Boureima OUEDRAOGO, Machiniste de Ciné Palace
Boureima Ouédrago s’invite dans la discussion. Avec un brin de mélancolie, il raconte : « A l’époque, le ticket d’entrée coutait 40 francs pour les 2 séances. Les films que nous suivions cadraient avec la réalité du moment. Il n’y avait pas de fiction, tout était naturel. Les thèmes étaient vraiment pertinents » Il ajoute qu’à cette époque, les salles refusaient du monde.
Plus loin de la salle, nous rencontrons un cinéphile des années 70. Il raconte cette anecdote : « A notre temps, les tickets coutaient 15f et après chaque projection, on avait droit à une boite d’allumette qu’on remettait à nos mamans et c’était une forme de motivation pour nous ».
Le cinéma n’attire plus grand monde à Ouahigouya. Et la principale raison, selon O. Barry, est la piraterie croissante. Pour lui, les cinéphiles préfèrent télécharger les films via internet grâce aux nouveaux appareils ou acheter des disques piratés à moindre coût. Le gérant évoque d’autres éléments. Les jeunes qui préfèrent, davantage, les loisirs dans les maquis ou suivre un film à la maison.

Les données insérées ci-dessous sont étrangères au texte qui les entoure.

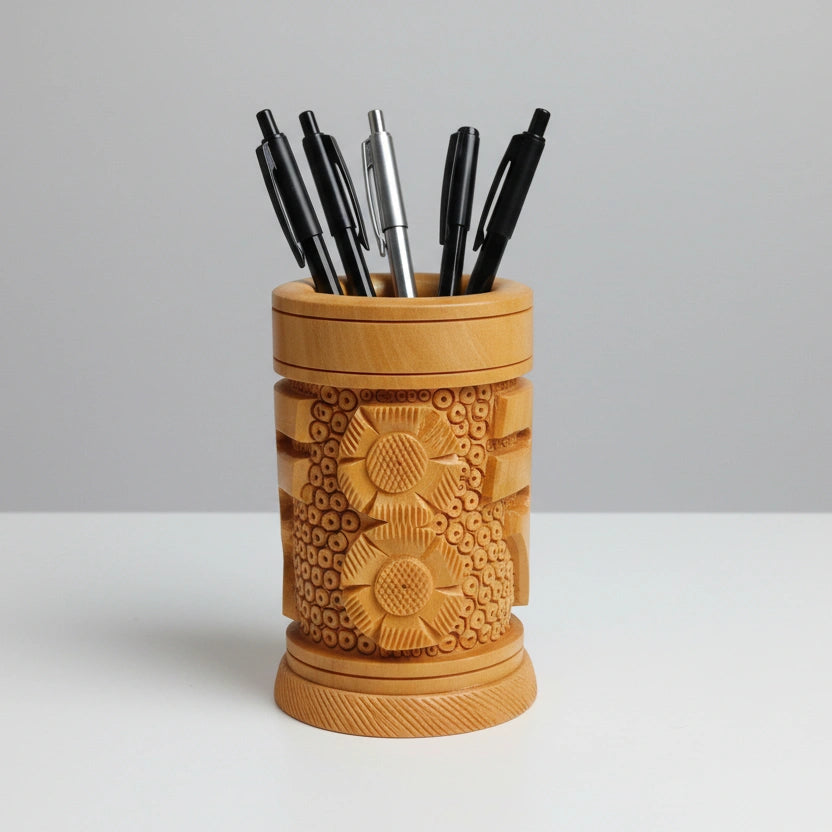 Close-up view of the ₹ symbol carved on both sides of a premium wood stationery holder for office desks.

A ceux-ci s’ajoute l’existence des vidéoclubs qui « tuent le cinéma ».
Redynamiser le cinéma dans le Yatenga
Boureima Ouédraogo prône un retour aux films liés aux réalités burkinabè :« Je prends l’exemple des films de feu Idrissa Ouédraogo, Yaaba et la colère des dieux, qui ont rempli la salle pendant plus de deux semaines parce qu’ils répondaient aux attentes du public. »

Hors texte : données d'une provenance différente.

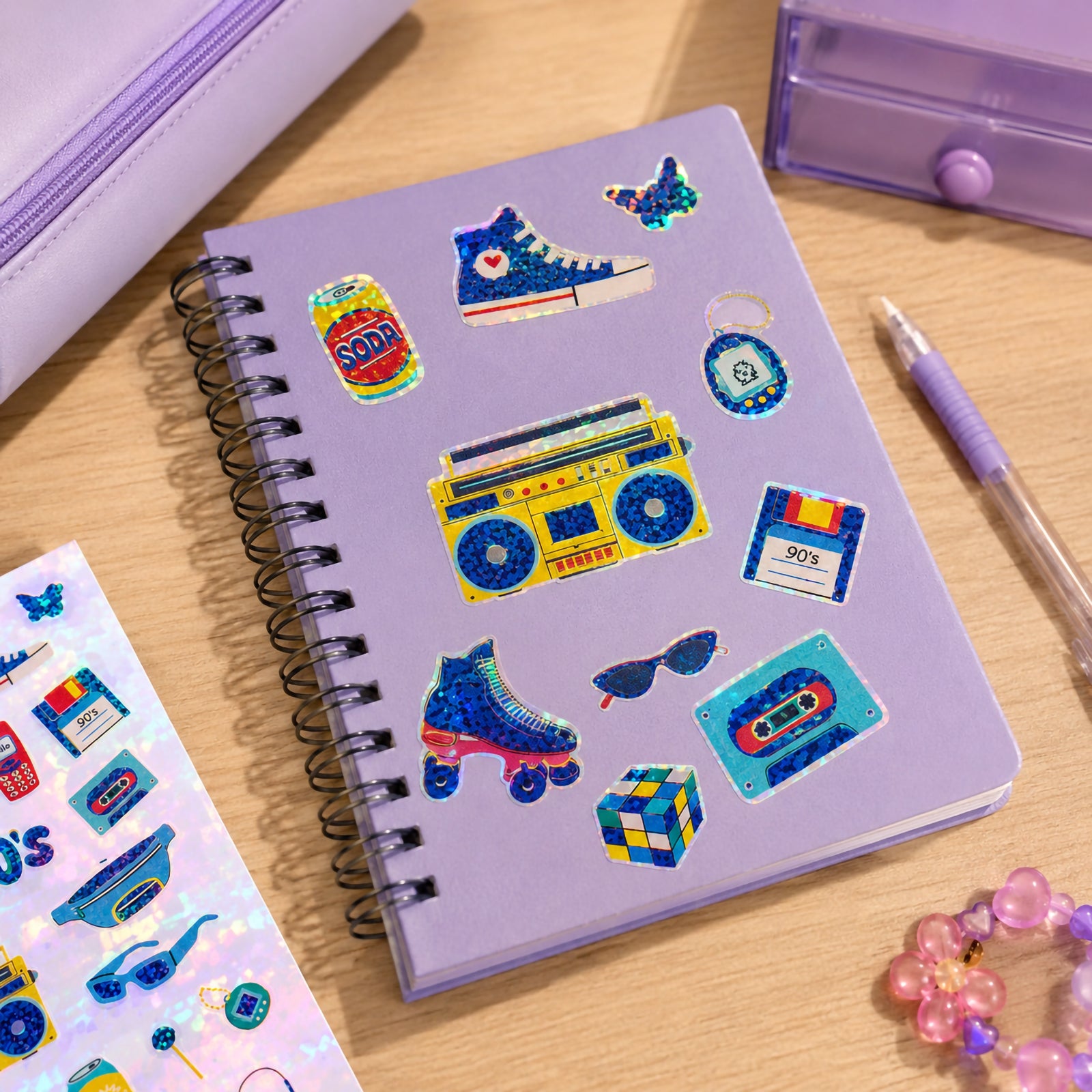 Purple notebook decorated with holographic retro stickers featuring roller skates, a boom box, cassette tape, soda can, floppy disk and sunglasses. The reflective foil finish creates vibrant sparkle against the pastel stationery background.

Pour lui et son machiniste, l’Etat a contribué à mettre à mal le cinéma, notamment avec la privatisation de la Société Nationale du Cinéma Burkinabè (SONACIB). Conséquence, toutes les salles se sont vidées. Le matériel est inadapté parce que des cassettes venues de l’extérieur sont souvent de mauvaises qualités et à la projection, les cassettes rayées déçoivent les cinéphiles.
Pour la promotion des films au programme, M Barry a l’ambition de faire de la publicité sur les radios de la ville et aussi rénover les lieux. Mais où trouver l’argent ? C’est l’équation à résoudre pour le gérant. Il pense aussi à renouveler les films à l’affiche en mettant l’accent sur ceux africains. « Les films hindous et karaté étaient jadis prisés, mais ce n’est plus le cas maintenant. » affirme-t-il.

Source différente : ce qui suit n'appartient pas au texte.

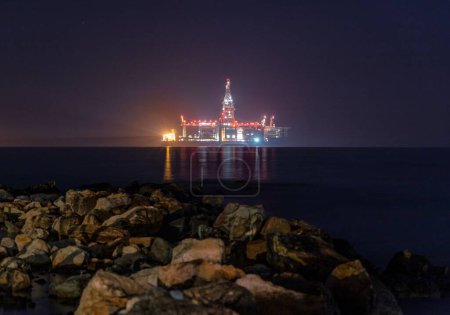 Téléchargez les photos : Une plate-forme pétrolière offshore la nuit avec des lumières réfléchies dans l'eau - en image libre de droit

Au nombre des initiatives visant à faire revivre le cinéma à Ouahigouya, il y a celle d’une famille espagnole à travers l’institut Olvido. Ce centre culturel, construit en 2011, est arrivé avec la haute technologie. Il était le seul à projeter le cinéma en trois dimensions au Burkina ; faisant, ainsi, la fierté de la ville dans le domaine du cinéma. Des campagnes de sensibilisations se faisaient à travers la projection de films documentaires. L’institut a même organisé des éditions du FESPACO à Ouahigouya. Il faisait venir des acteurs du cinéma tels Eugène BAYALA, connu sous le nom de Oyou, et Joseph TABSOBA alias Chocho. Malheureusement, lui aussi a été victime de la crise économique qui frappe le monde du septième art. En 2018, après avoir vendu son siège (à sa place, se dresse un bâtiment de haut standing), Olvido a réduit ses services au strict minimum, voire changé de domaine d’intervention. Il travaille dans l’humanitaire actuellement.
Lorsqu’on parle du FESPACO, M. Barry reste sceptique. N’ayant aucun partenariat avec le festival, sa salle ne reçoit les films projetés pendant la biennale du cinéma que longtemps après. Ce grand rendez-vous n’influence, en aucun cas, ses activités cinématographiques.